I revel in the fact that I can be dealing with a hard-headed billionnaire businessman in the morning and the afternoon will be taken up by a dog that’s won a place on a TV show because it can dance.

What other job could give me that? And that’s my answer. Journalism, it’s just the job for me.

6 Responses

  1. On my journalism course in Cardiff we’ve been told to look at being a journalist as a way of life: news never stops, even at five in the morning! And during my desperate job search, I have even considered selling my soul to PR since it’s such a competitive industry! But that’s got to show just how many people want to work as a journalist. Thought you might be interested in these blogs I found, which has comments from people who talk about what they love about being a journalist and what they hate about being a journalist!

    http://happyjournalist.com/blog/2008/02/29/happy/#comments

    http://angryjournalist.com/

  2. Maybe it’s my mood today but I liked happy journalist more :-)
    And yes, news never does stop but I do make a point of avoiding all newspapers and news programmes when I’m on holiday – it’s the only way I can regain my sanity.
    That’s why I tend to take holidays where there’s no TV and patchy mobile reception!

  3. DO NOT sell yourself to PR. Don’t do it. There is not a day that goes by when I don’t miss it. I tell you what, I was so proud to be a journalist, and to know that I was making a difference. I really cared about the paper and the community. Everyone has a story to tell and it was a privilege to help them tell it. In the bad times, remember the good times :-)

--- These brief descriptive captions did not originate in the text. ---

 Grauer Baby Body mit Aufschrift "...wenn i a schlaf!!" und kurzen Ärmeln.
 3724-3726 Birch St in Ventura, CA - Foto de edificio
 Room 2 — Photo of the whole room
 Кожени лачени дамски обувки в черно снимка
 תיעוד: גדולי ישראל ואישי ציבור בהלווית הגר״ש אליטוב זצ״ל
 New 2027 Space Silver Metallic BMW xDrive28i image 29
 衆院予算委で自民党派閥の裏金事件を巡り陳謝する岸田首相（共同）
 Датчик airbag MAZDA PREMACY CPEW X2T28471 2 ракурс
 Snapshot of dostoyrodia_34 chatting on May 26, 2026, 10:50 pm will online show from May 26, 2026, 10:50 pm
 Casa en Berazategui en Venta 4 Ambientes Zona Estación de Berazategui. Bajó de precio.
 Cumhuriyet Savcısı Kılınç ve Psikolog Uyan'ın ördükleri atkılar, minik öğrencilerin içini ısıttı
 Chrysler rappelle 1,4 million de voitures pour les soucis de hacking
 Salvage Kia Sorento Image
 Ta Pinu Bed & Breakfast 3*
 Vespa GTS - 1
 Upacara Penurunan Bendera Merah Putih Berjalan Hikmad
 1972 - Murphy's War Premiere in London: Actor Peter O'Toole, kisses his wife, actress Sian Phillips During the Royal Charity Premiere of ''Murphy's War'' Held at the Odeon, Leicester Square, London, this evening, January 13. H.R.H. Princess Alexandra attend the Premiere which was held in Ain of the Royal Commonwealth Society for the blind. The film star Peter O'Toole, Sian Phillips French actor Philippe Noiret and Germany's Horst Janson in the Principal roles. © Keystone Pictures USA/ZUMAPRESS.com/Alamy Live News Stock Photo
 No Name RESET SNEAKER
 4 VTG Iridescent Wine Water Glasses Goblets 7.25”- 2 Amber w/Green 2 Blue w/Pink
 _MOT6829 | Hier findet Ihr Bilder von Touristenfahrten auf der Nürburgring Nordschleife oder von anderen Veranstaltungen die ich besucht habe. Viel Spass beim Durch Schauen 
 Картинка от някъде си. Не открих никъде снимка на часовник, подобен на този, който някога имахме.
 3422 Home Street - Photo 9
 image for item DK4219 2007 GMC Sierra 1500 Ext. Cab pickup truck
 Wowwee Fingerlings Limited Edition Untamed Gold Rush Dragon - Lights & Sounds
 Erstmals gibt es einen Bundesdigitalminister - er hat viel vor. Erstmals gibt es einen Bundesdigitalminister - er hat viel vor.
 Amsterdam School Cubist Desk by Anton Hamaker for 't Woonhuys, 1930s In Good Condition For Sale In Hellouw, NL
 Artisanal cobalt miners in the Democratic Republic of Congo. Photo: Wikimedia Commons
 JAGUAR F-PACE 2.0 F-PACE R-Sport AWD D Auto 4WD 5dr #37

  4. It was a momentary lapse after a very bad day!
    I think the thing that will stop me going into PR is the knowledge that if I do the better hours and better pay will stop me going back into journalism ever…

  5. That is so true. I feel completely trapped now – although I should add that better hours and better pay do go a long way to make up for that!

  6. [...] I’m in when you ask me. Journalism can be exciting, stressful, demanding and unsociable. But, as I’ve blogged before, I doubt I’d swap it for anything [...]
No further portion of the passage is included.